### COLLECTED DATA:
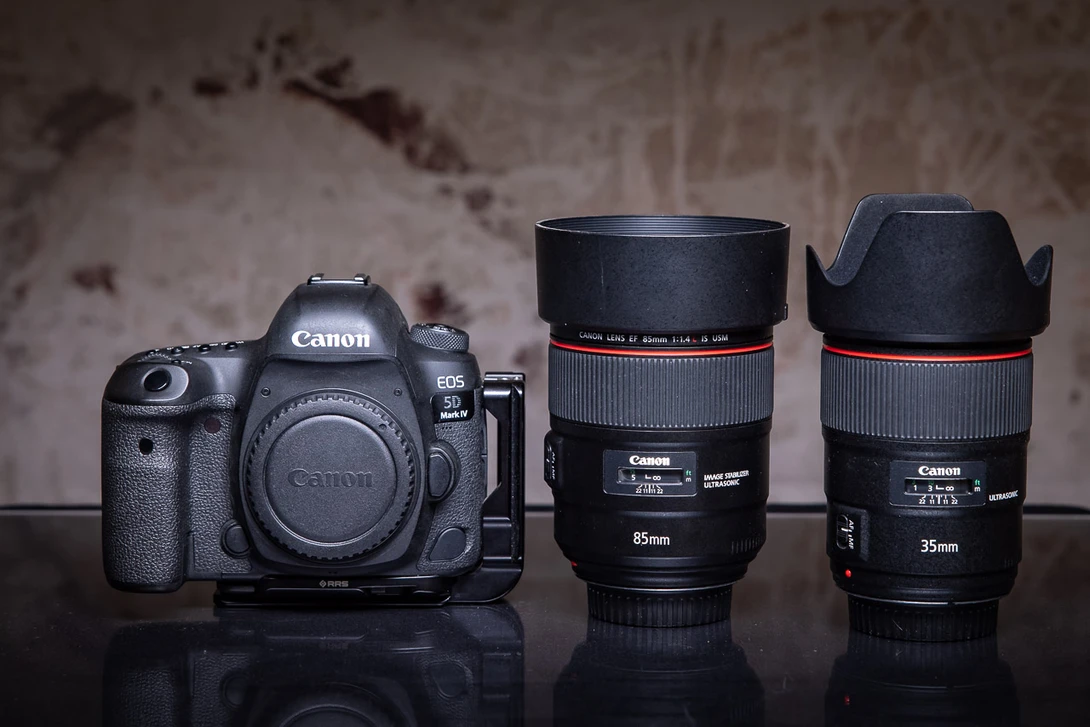 My favorite combination for weddings and portrait photography. I also use a 135mm lens next to these two.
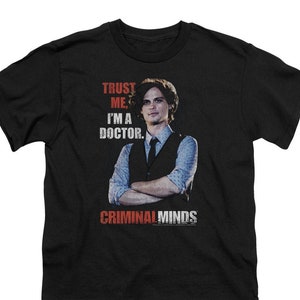 May include: Black t-shirt with a white graphic of a man in a suit and tie. The text "Trust me, I'm a doctor." is above the image and "Criminal Minds" is below the image.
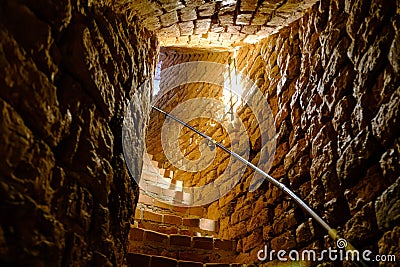 Old spiral staircase inside red brick tower. Turaida Castle tower Stock Photo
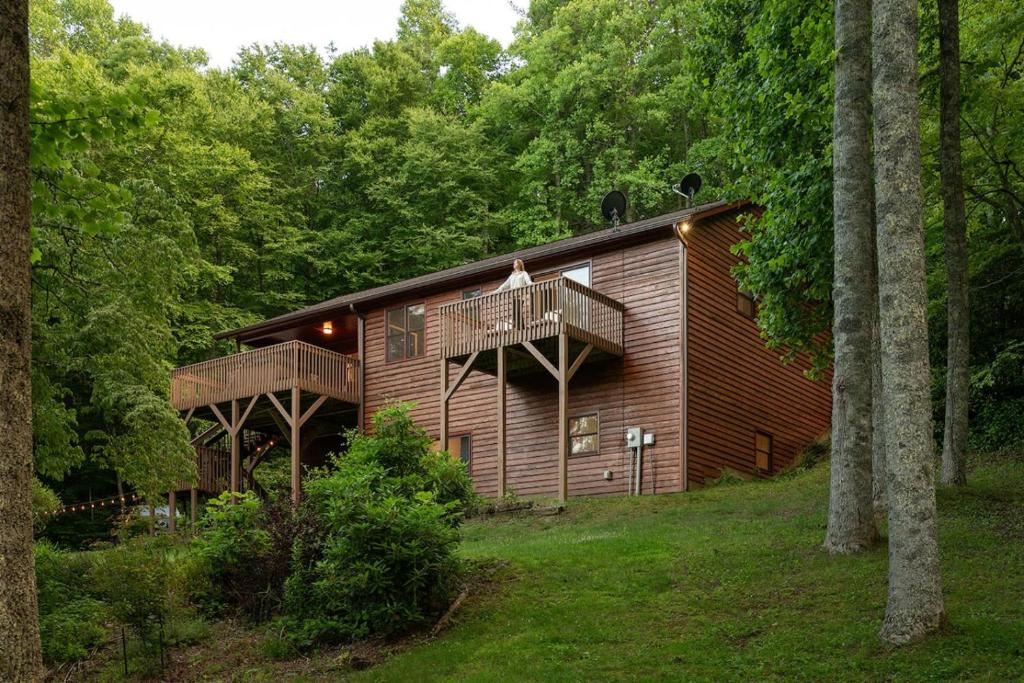 a cabin in the woods with two decks at Perfect Luxe Retreat with Hot Tub in Gerton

### WHAT THE TASK ASKS:
Give every line of the data above again as it stands; the pictures stay out.

### ANSWER TO THE PROBLEM:
 My favorite combination for weddings and portrait photography. I also use a 135mm lens next to these two.
 May include: Black t-shirt with a white graphic of a man in a suit and tie. The text "Trust me, I'm a doctor." is above the image and "Criminal Minds" is below the image.
 Old spiral staircase inside red brick tower. Turaida Castle tower Stock Photo
 a cabin in the woods with two decks at Perfect Luxe Retreat with Hot Tub in Gerton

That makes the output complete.